DBD::Oracle module for Perl

This is a shameless post as my friend, Pawel Krol, pointed this out to me so I must give all credit to him. As I am a big fan of the Perl-DBI I thought this was too good to share.

Oracle 11.2.0.1 on Linux and possibly earlier versions is shipped with Perl environment complete with Perl-DBI and the “database dependent” Oracle::DBD module. I would expect it is included in other Oracle releases too, e.g. for AIX. I think Perl is a really useful skill for any DBA working on a Unix-like platform, maybe even Windows as well, and it’s even better when you can embed SQL statements in your code instead of calling SQL*Plus and trying to parse the output. Perl also gives you the ability to use bind variables properly and re-use statement handles, something you would need to write PL/SQL for, if using SQL*Plus.

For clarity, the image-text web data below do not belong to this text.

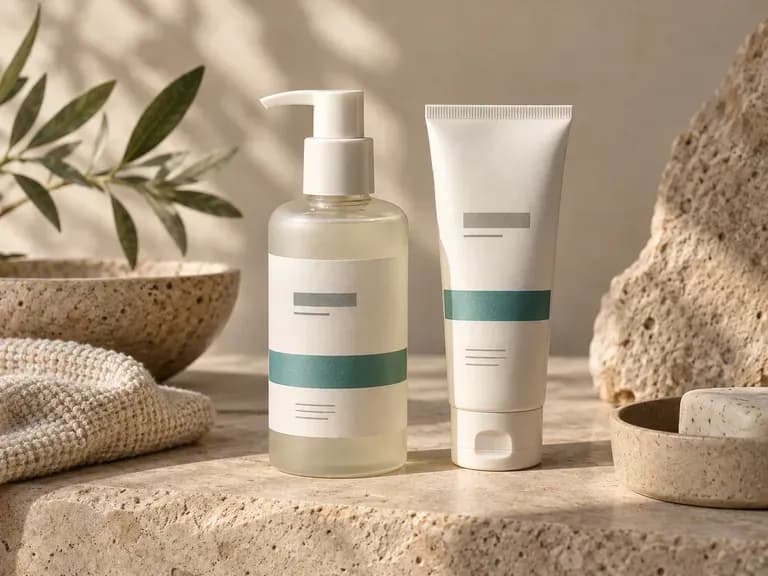 Skincare Labels: minimal white design with one accent color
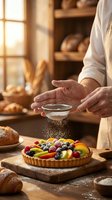 Male baker with light skin tone dusting powdered sugar onto a colorful fruit tart in a warm, sunlit kitchen with fresh bread and baking ingredients visible in background.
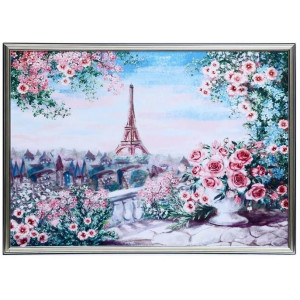 Картина 50х70см "Цветочный Париж"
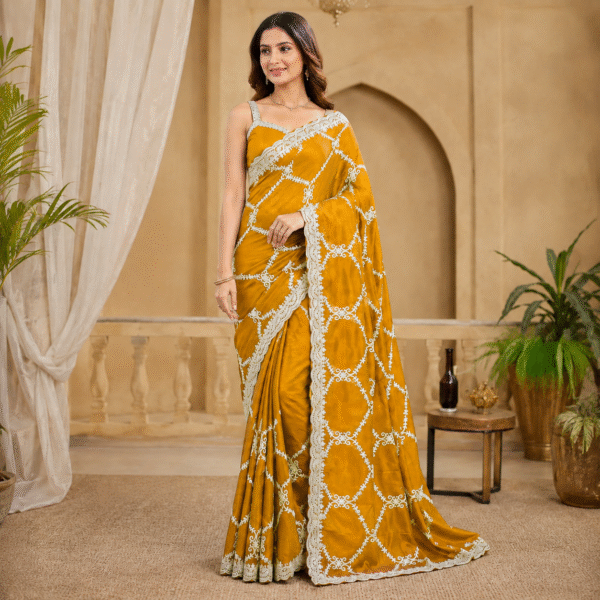Mustard Yellow Organza Saree with Silver Zari Embroidery, Designer Party Wear Saree with Stitched Blouse for Women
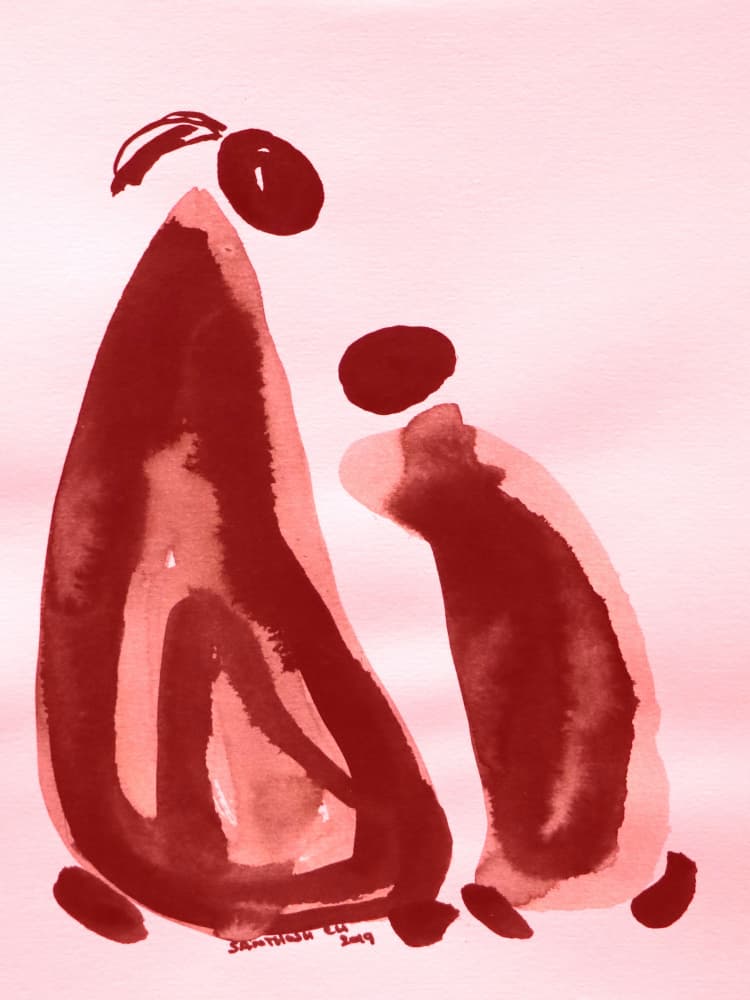 Abstract Family Embrace by Santhosh ch — canvas wall art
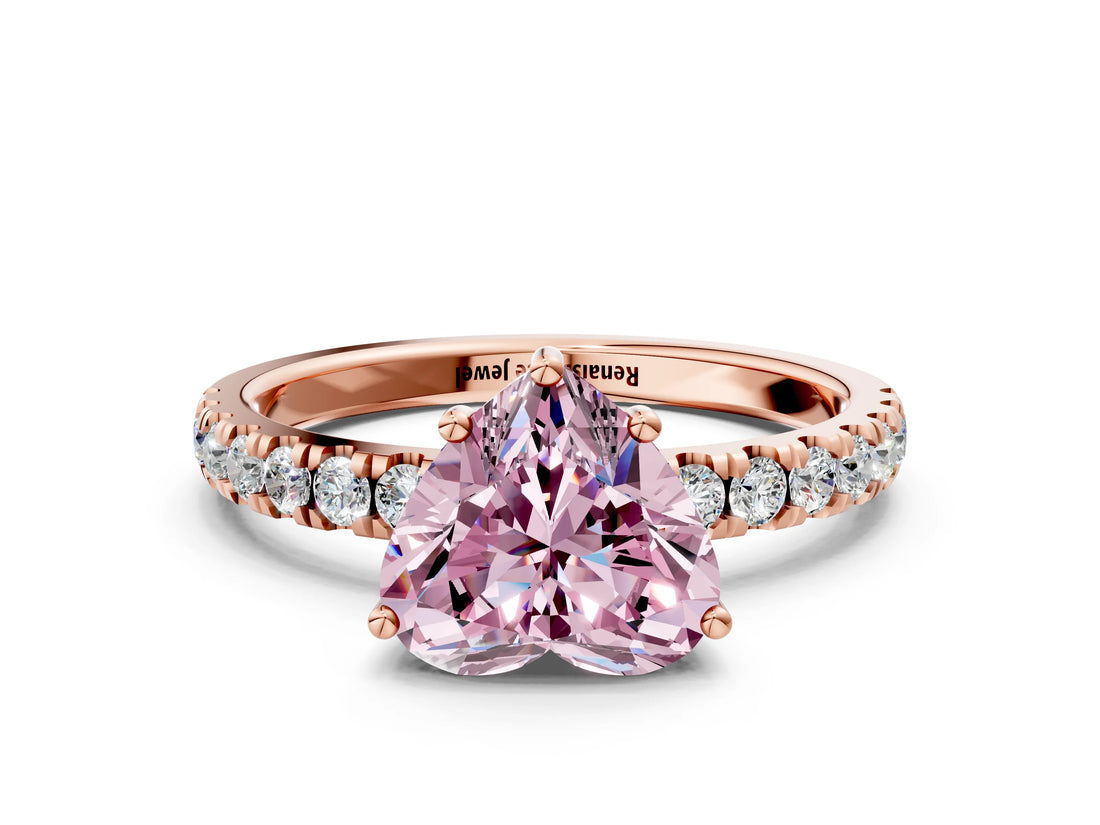 Rose gold Fancy Pink Heart Cut Diamond Pave Band Solitaire Ring with Four-Prong Setting_51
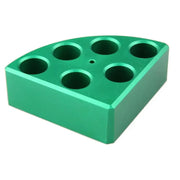 SCILOGEX Green Aluminum Quarter Reaction Block – 6 Holes for 8mL Vessels (17.75mm Dia × 26mm Depth)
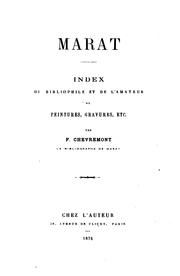 Cover of: Marat: Index du bibliophile et de l'amateur de peintures, gravures, etc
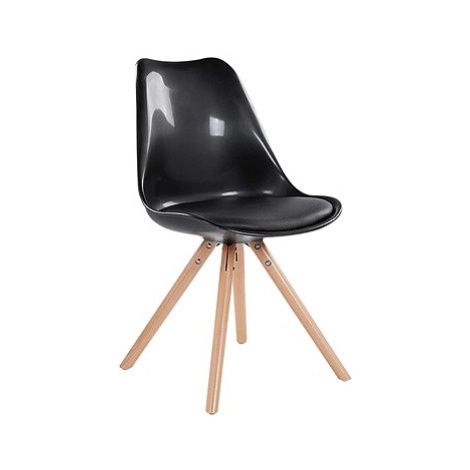 Černá jídelní židle s koženým sedákem DAKOTA, 57944 BELIANI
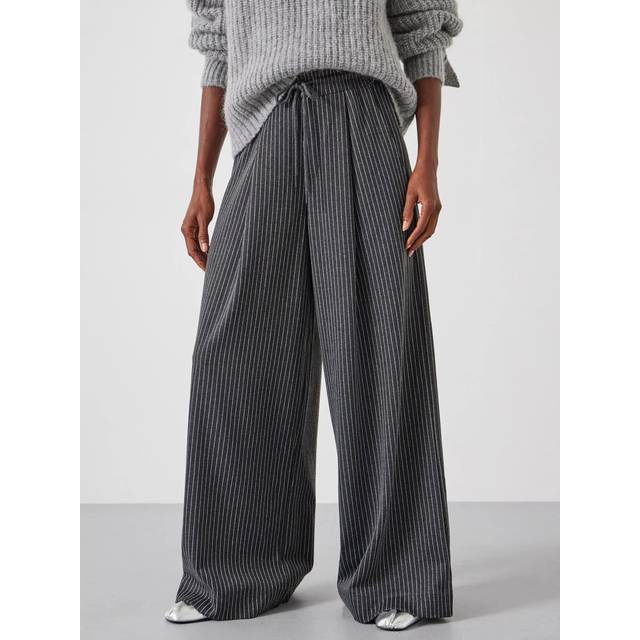 HUSH Pinstripe Wide Leg Joggers, Grey/Multi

There are two parts to the Perl database interface:

  1. The database-independent part, the Perl-DBI, which is commonly included in many Linux distributions.
  2. The database-dependent part, in Oracle’s case DBD::Oracle. This is rarely installed by default in a Linux distribution; you will usually just find the MySQL-specific module and one for handling CSV files.

Of course you could download and compile DBD::Oracle yourself but this makes life much easier in environments you don’t have control over as you can use it by just setting a few environment variables.

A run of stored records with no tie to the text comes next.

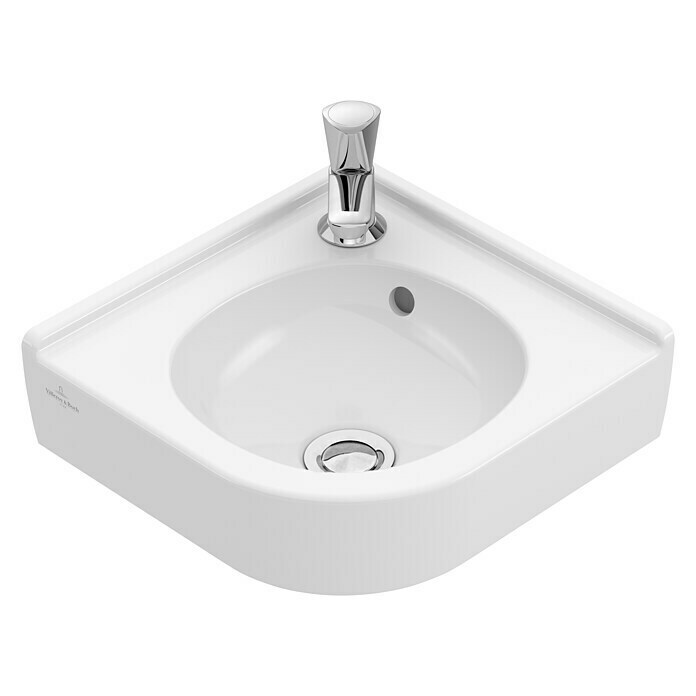 Villeroy & Boch O.novo Eckwaschbecken (45 x 40 cm, Mit schmutzabweisender Glasur, Mit Überlaufloch, Keramik, Weiß)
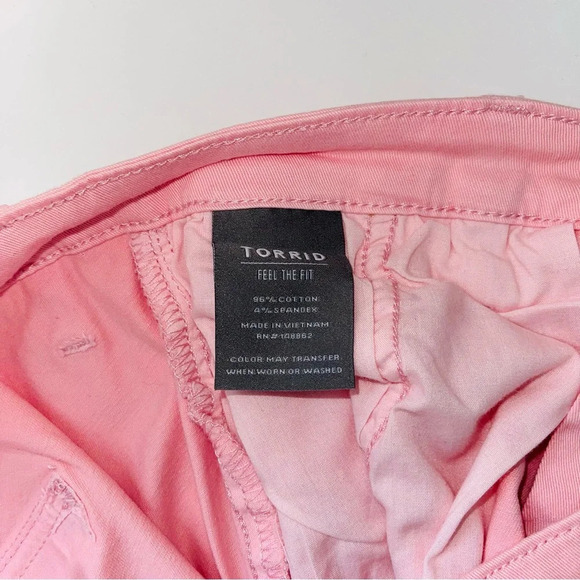 Torrid Pink Mid-rise Stretch Twill Chino Skinny Cropped Pants 10 Women’s - Picture 13 of 14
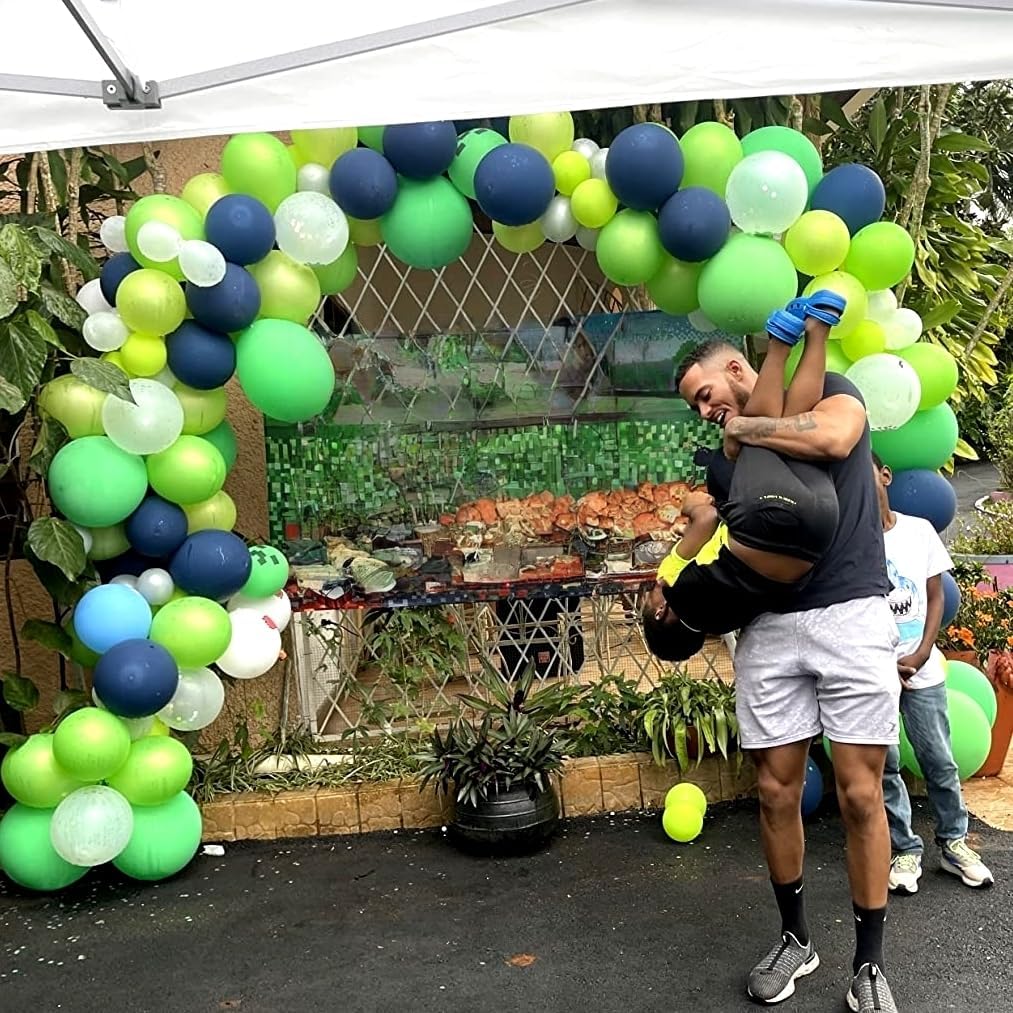 60 Pcs Navy Blue Matte Light Green Silver Latex Party Balloons with Green Silver Confetti for Birthday Party Decoration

So how do you use it? There are cleverer ways, I know Pawel has one, but I just have a quick bash script I source into my environment:

#!/bin/bash

if [ -n $ORACLE_HOME ]; then
echo "Setting up Perl environment. ORACLE_HOME set to $ORACLE_HOME"
export ORACLEPERL=$ORACLE_HOME/perl
export PERL5LIB=$PERL5LIB:$ORACLEPERL/lib/5.10.0:$ORACLEPERL/lib/site_perl/5.10.0
export LD_LIBRARY_PATH=$LD_LIBRARY_PATH:$ORACLE_HOME/lib32:$ORACLE_HOME/lib
export LIBPATH=$ORACLE_HOME/lib32
export PATH=$ORACLEPERL/bin:$PATH
fi

And then I can run my test script which just selects the current date from the dual table:

#!/u01/app/oracle/product/11.2.0/db_1/perl/bin/perl

use strict;
use warnings;
use DBI;

&main;

sub main () {

my %params = (
'database' => 'ORCL',
);

my $dbh = &dbconnect(\%params);

my ($sysdate) = $$dbh->selectrow_array("SELECT sysdate FROM dual");
print "Current date is $sysdate\n\n";

&dbdisconnect($dbh);

}

sub dbconnect () {

my $params = shift;
my $dbh = DBI->connect("dbi:Oracle:$$params{'database'}", 'username', 'password') or die ("$DBI::errstr\n\n");
return (\$dbh);
}

sub dbdisconnect () {

my $dbh = shift;
$$dbh->disconnect();
}

The world of Perl is now hopefully your oyster and there is plenty of documentation here.